Fed Holds Steady on Rates, but Dissent Is Growing

For the fifth meeting in a row, the Federal Reserve Open Market Committee on Wednesday stood pat on interest rates, maintaining the central bank’s benchmark lending rate in a range between 4.25% and 4.5%. The decision to hold steady was widely expected but comes amid rising pressure from President Trump and members of his administration for the Fed to cut rates.

In a notable dissent, two Fed governors appointed by Trump, Michelle Bowman and Christopher Waller, said they favor an immediate rate cut of 25 basis points. It was the first time since 2020 that more than one member of the Fed’s 12-member rate-setting committee broke with Fed Chair Jerome Powell, and the first time in more than 30 years that more than one of the central bank’s seven governors voted in dissent.

Productive meeting: At an afternoon press conference, Powell downplayed the dissenting votes, saying the debate at the meeting was productive and he is not surprised there are different views of how to proceed among Fed officials, given the uncertain environment.
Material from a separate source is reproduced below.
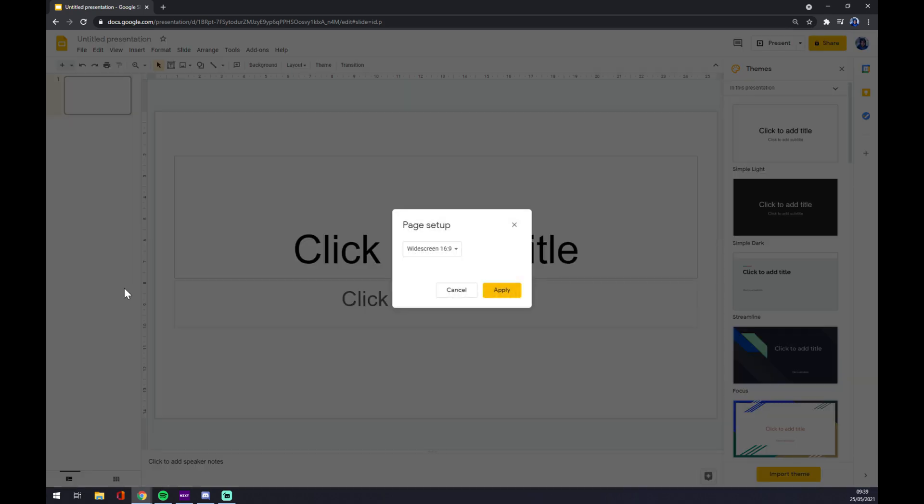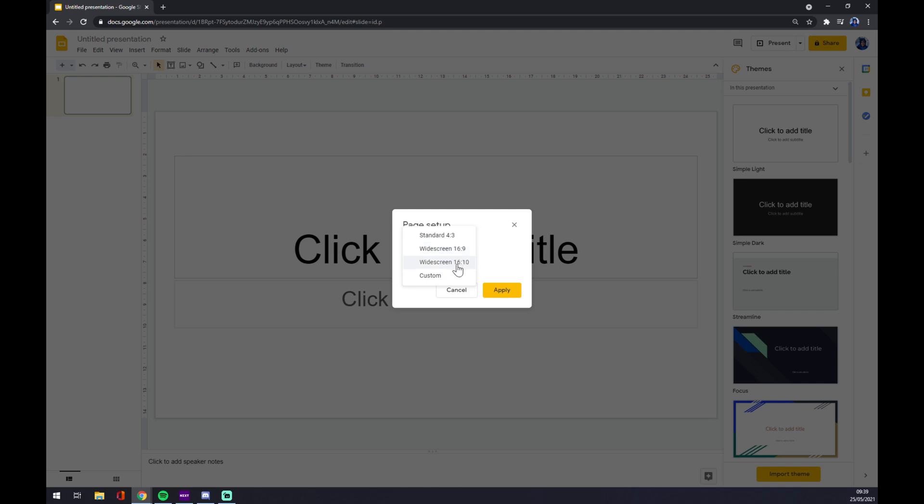Once we click Page Setup, as you can see there's four options: you can go Custom, Standard, Widescreen 16:9, or Widescreen 16:10.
The economy is basically in good shape, Powell said, but Trump’s tariffs could deliver a supply shock that threatens both sides of the Fed’s dual mandate of maintaining stable prices while maximizing employment. Potential price increases call for an increase in rates, while a potentially softening labor market calls for a cut, and you can’t do both at the same time.
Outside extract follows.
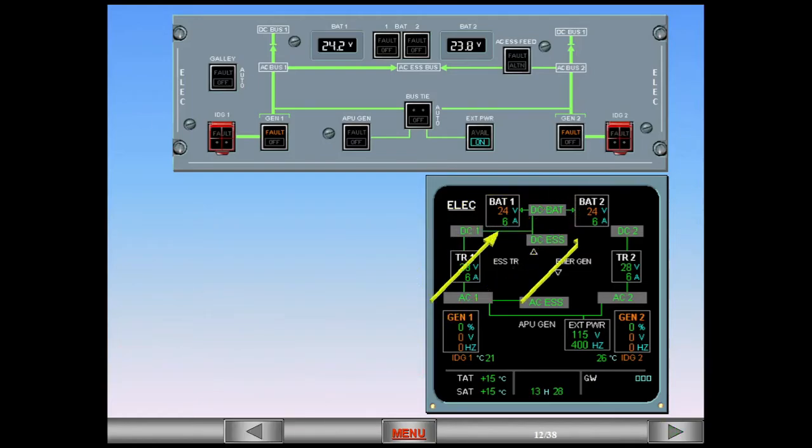Both batteries are now charging from the DC battery bus. During this time, you can continue with your cockpit preparation. The average charging cycle is approximately 20 minutes.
Powell said that inflation remains a bit too high, even without the tariffs, which appear to be adding more price pressure. The labor market, on the other hand, is basically still in balance, but that could change quickly. “Downside risks to the labor market are certainly apparent,” he said.
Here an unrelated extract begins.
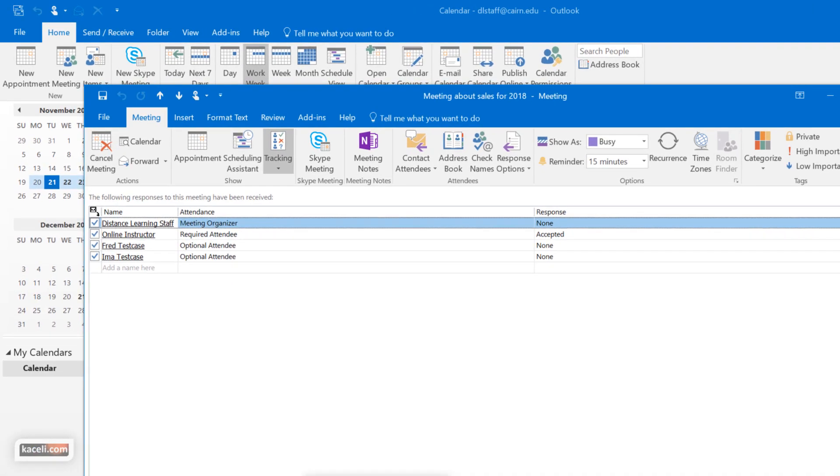So that's how the whole process works on inviting somebody for a meeting, coordinating the best time for everyone, and checking the tracking of who has accepted the meetings and who has not.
Given the contradictory forces in play, it makes sense to continue to wait to see how things develop, Powell said. He added that Fed officials have made no decisions about what they will do at the next meeting in September, and will continue to review new data as it rolls in.

Asked by a reporter about the tariffs, Powell said the country is still in “early days” with respect to how the import taxes will affect the economy. The base case, Powell said, is for tariffs to force a one-time upward price-adjustment throughout the economy, with little effect on inflation beyond that, but officials will have to wait and see. Powell added that no matter how the tariffs present themselves in the economy, they ultimately will not be inflationary — because the Fed will act to nip inflation in the bud if it does begin to flare up. “In the end, there should be no doubt that we will do what we need to do to keep inflation under control,” he said.

Powell also downplayed the pressure coming from Trump to cut rates, pressure recently delivered in person when the president paid an unusual visit to Powell at the Fed’s headquarters building, which is undergoing an expensive — and in Trump’s framing, wasteful and potentially fraudulent — renovation. While some think that Trump has played up the renovation issues to gain leverage over Powell as part of his campaign to force rate cuts, the Fed chief painted a more conciliatory picture. “We had a nice visit with the president,” he said. “It was an honor to host him.”

What the analysts are saying: The Fed’s decision came as no surprise, and Powell’s comments did little to change the outlook for many analysts. Some analysts, though, said they detected a slightly more hawkish tone from Powell than they expected, dimming hopes for more than one rate cut this year.

Mark Hackett, chief market strategist at Nationwide, said investors are now more pessimistic about what would be the first rate cut of the year occurring in September. “Markets turned lower during the press conference as investors became less convinced that a September rate cut is likely,” he said, per Bloomberg. “Chair Powell previously stated that a rate cut would be appropriate if there were no tariffs, but that tone was not expressed this time.”

The CME Groups’ FedWatch tool showed market expectations of a September rate cut falling from more than 75% as of a month ago and about 63% yesterday to roughly 46% today.